There's a Big Difference Between Reality and Perception
Napoleon Bonaparte is quoted to have said there is only one step from the sublime to the ridiculous. In a lesser but similar way, I have frequently encountered people who did not realize the moment they would have made abnormal profits on the stock exchange. Worse of all, they later made wrong decisions which ensured they made abnormal losses. Let me explain.
To the financially literate, what I am about to say appears so obvious that it may seem unnecessary and a waste of time and space. Yet millions of people worldwide, through their actions, continue to prove their ignorance and consequently suffer financially when they trade in stocks and stock derivatives.
REALITY FACT 1: You make money on the stock exchange when you sell for more than you bought.
REALITY FACT 2: You make money on the stock exchange when you buy for less than you sold for.
Below are 2 examples of mistaken perception.
MISTAKEN PERCEPTION 1:
Investor buys 1,000 shares at $20 each for a total of $20,000. One year later, the stock price is $45. Mistaken investor calls his friend for a cook-out to celebrate $25,000 he has made on the stock exchange (1,000 shares @ 45 = 45,000 less $20,000 = $25,000).
Two years since the mistaken investor bought the shares, he realizes the share price has dropped to $15. He becomes angry and tells himself he has lost $30,000 ($45,000 less $15,000). In a fit of anger he calls his broker and sells the shares at $15 each for a total of $15,000.
REALITY CHECK 1: The mistaken investor never at any time made $25,000. The only way he could have made the $25,000 was by SELLING the shares at $45 - which he did not do. Therefore, there was no reason for a celebration cook out.
REALITY CHECK 2: The mistaken investor made a loss of $5,000, not $30,000. ($15,000 less $20,000= $5,000 loss) Therefore his anger was unnecessarily 6 times worse.
REALITY CHECK 3: If he had not sold the shares at $15 each and instead held on to them, he would NOT HAVE MADE A LOSS. Profits and losses are only made when shares are bought and sold.
How Would You Protect Yourself With This Knowledge?
If you understand that money is made or lost when and only when a real transaction takes place, you can protect yourself from Madoff-Stanford like financial scams.
When you get a statement from your Madoff-Stanford afiliated broker with unusually high returns, it is very tempting to say, "let all the money stay there so that I can continue to receive long account statements with big figures". Today you know better.
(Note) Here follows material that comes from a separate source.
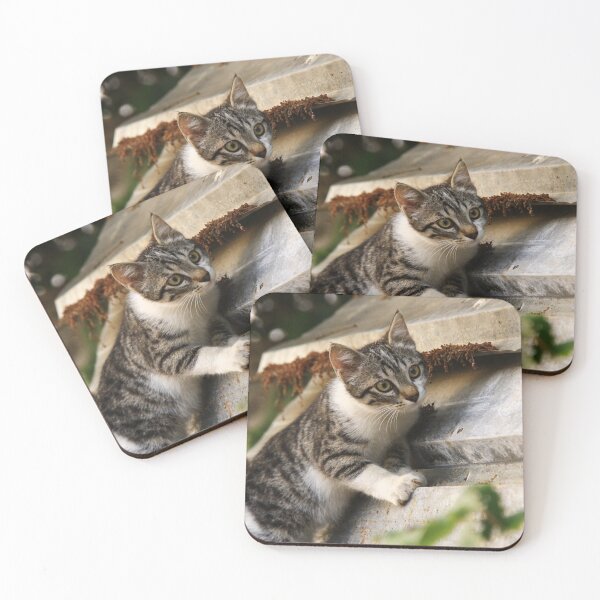 Item preview, My cute kitty designed and sold by AJ-Digital-Arts.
You will constantly sell off the shares that reflect the significant increase in value and keep the profits in real money - in your hands.
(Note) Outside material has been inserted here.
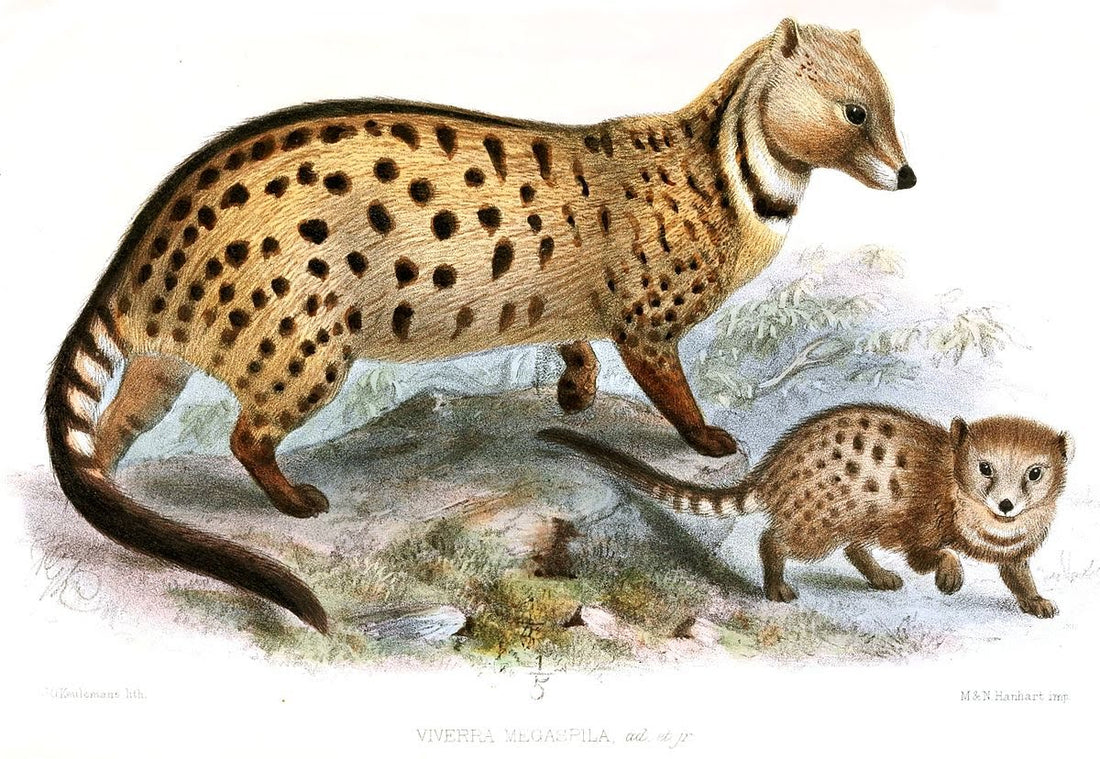 Civet Absolute Replacer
Therefore, for as long as the scam exists you will continuously profit and hopefully re-coup your initial investment. When the scam begins to fall apart, you will be among the first to know because you will start to receive long explanations instead of real hard cash in your hands.
At this juncture you need to do two things immediately. Request in writing an immediate withdrawal of 100% of your funds from all your investment accounts. If you do not get 100% of your funds, contact law enforcement agencies for direction on the next steps.